He came from a musical family and was already learning eastern classical music when he arrived in Pakistan with his family. Whereas the Sabri Brothers had settled in Karachi, Aziz Mian’s family lay its new roots in Lahore.

Aziz Mian’s parents became regular visitors to the city’s famous shrine of Sufi saint, Data Ganj Baksh, and Aziz Mian would often accompany them.

But Aziz Mian had a troubled youth. At an early age, he had begun to drink and smoke and became hooked on chewing tobacco-laced paans (beetle leaf). He would also often get into trouble for committing acts of vandalism and hooliganism as a teen.

Worried by his behaviour, his father encouraged him to learn Qawaali from a group of established qawaals who regularly performed Punjabi qawaalis at the Data shrine. Aziz Mian agreed, but also decided to join a college in Lahore where he continued to get into trouble. Though a rabble-rouser and an extremely restless personality, he was considered a bright student by his teachers.

In 1963, he joined the Punjab University from where he bagged a master’s degree in Urdu literature and also studied Arabic and Persian. It was here that he decided to become a dedicated qawaal. He later told an interviewer, he saw singing qawaalis as the only way he could have fulfilled his restless quest to find some spiritual meaning in his riotous existence.

He began to perform in front of small crowds at private functions. Visitors at the Data shrine would often see a young man with long, unkempt hair, colourful kameez-shalwar and wild eyes, pacing up and down. It was Aziz Mian.

To them, he could as well have been one of the many faqeers (spiritual vagabonds) that are often found at Sufi shrines in South Asia. But of course, he was different. He was articulate in his speech, and could speak fluent Punjabi, Urdu, Persian and English.

In those days (mid/late 1960s), Aziz Mian was mostly singing traditional folk qawaalis in Punjabi and in Persian, but after listening to the Sabri Brothers sing in Urdu (on radio) and then seeing them slowly gathering a whole new audience, Aziz Mian became restless again.

He didn’t want to sing traditional qawaalis anymore. He received qawaali lyrics from some lesser-known Urdu poets, but he rejected them, suggesting that the lyrics did not reflect the nature of his quest.

He tried to get in touch with the poets who were authoring Urdu lyrics for the Sabri Brothers, but he wasn’t taken seriously. Then in 1970, while sitting at the Data shrine, Aziz Mian began writing lyrics himself.

A decade later, while performing the qawaali that he had written at the shrine, Aziz Mian told the audience: ‘It was an evening just like this one. I was sitting at the Data shrine and conversing with God. I was praying for my well-being, when suddenly I began to be showered by a burst of words. I forgot what I was praying about and started to write down the emerging words right there …’
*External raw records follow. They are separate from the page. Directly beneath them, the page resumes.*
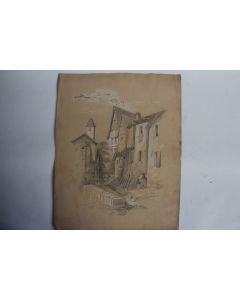 Dessin original au crayon réhaussé XIXe siècle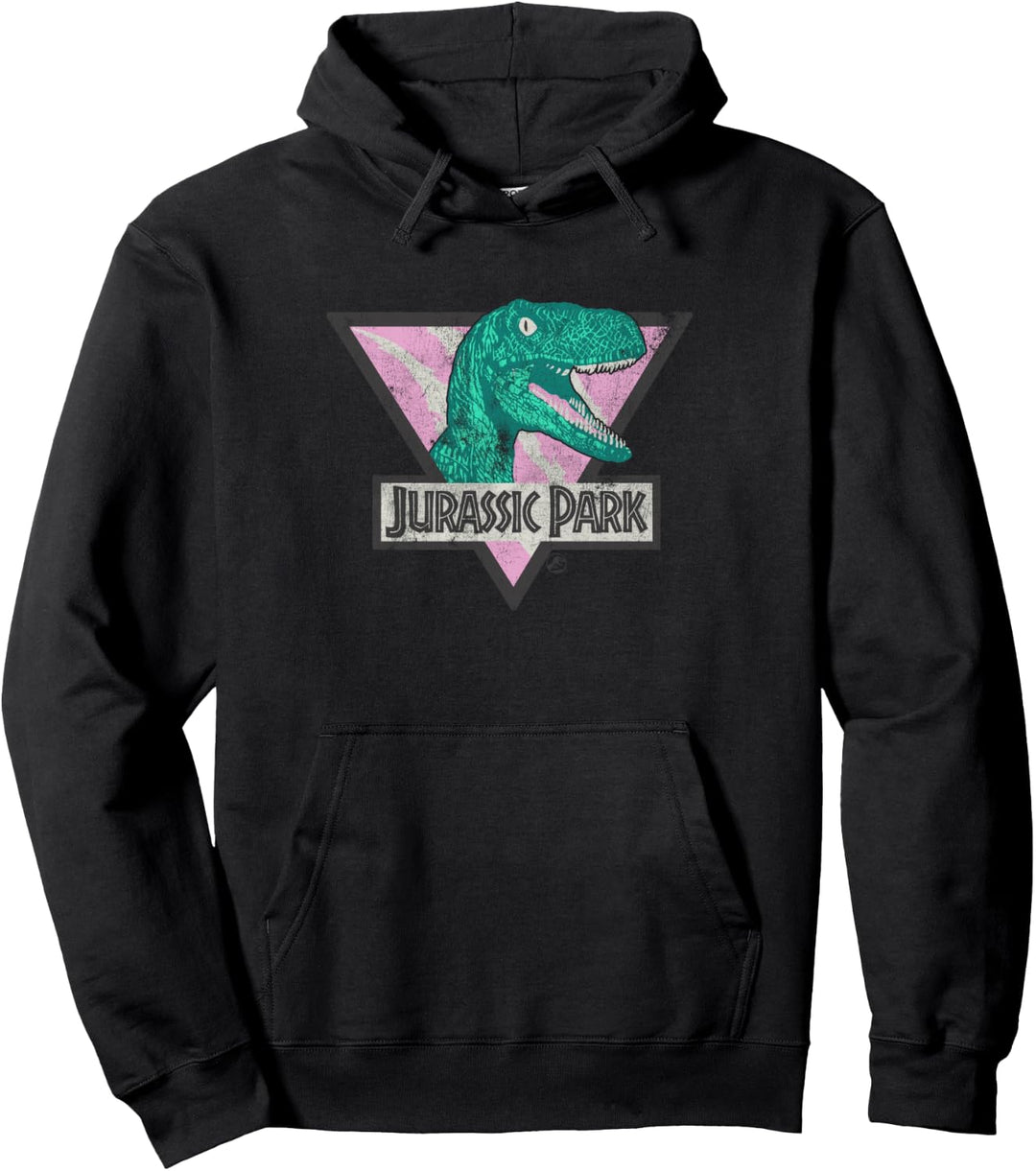Jurassic Park Velociraptor Pastel Scratched Triangle Pullover Hoodie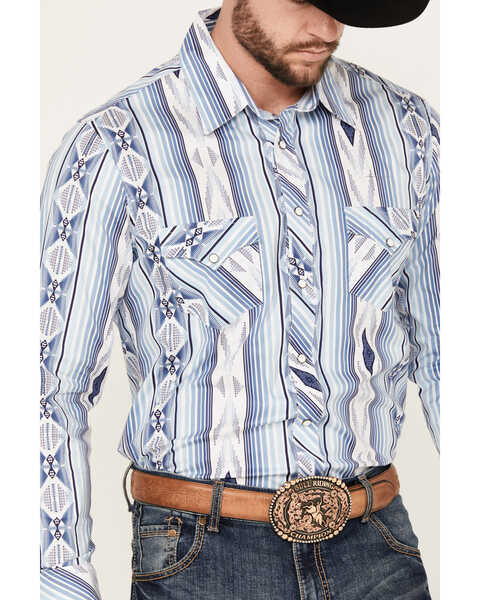 Image #2 - Rock & Roll Denim Men's Southwestern Print Striped Stretch Long Sleeve Snap Western Shirt, Blue, hi-res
Thanks to the growing popularity of the Sabri Brothers, EMI-Pakistan had already given Aziz Mian some studio time to cut an album. But it would be the qawaali that he wrote at the shrine and then set to music that would go on to become his breakthrough moment.

The qawaali was titled Mein Sharaabi (I am a drunkard). On Sharaabi (first released in 1973), Aziz Mian also discovered and stamped a style of writing, composing and singing that he would retain for the rest of his career.

He embraced the approach of the ‘quarrelsome Sufis’ of yore, who, in their peculiar states of mind, would hold brassy passionate dialogues with God, punctuated with a series of paradoxical questions.

Aziz Mian would start slowly, break into a catchy chorus with his ‘qawaali party’ (qawaali group), and then suddenly break out with a series of argumentative verses in a blistering display of speed-talking. He would address God, complaining how he loved Him but felt that he wasn’t being loved back; or why such a perfect entity such as God would create such an imperfect creature like man!

Aziz Mian was a heavy drinker, and like various famous Sufi poets, he often used the state (and concept) of drunkenness as a metaphor to exhibit the inexplicable effect the love for the Almighty had on him. But he would also praise alcohol on its own terms.

With the success of the Mein Sharaabi album, Aziz Mian rose to become one of the region’s leading qawaals.

Cover of Aziz Mian’s breakthrough album, 'Mein Sharaabi' (1973)
Cover of Aziz Mian’s breakthrough album, 'Mein Sharaabi' (1973)

As mentioned earlier, many of his concerts used to disintegrate into becoming drunken brawls when Aziz Mian would work up the audience to such a frenzy that many among the crowd would lose all sense of order. Aziz Mian saw the commotion as a reflection of his inner self and/or of a state of turmoil that eventually leads a man to annihilate internal and external inhibitions and pave the way for him to construct a special bridge that connected him with the raw beauty and power of the Almighty.

Both Aziz Mian and the Sabri Brothers also benefited from the cultural policies of the populist regime of Prime Minister Zulfikar Ali Bhutto (1971-77).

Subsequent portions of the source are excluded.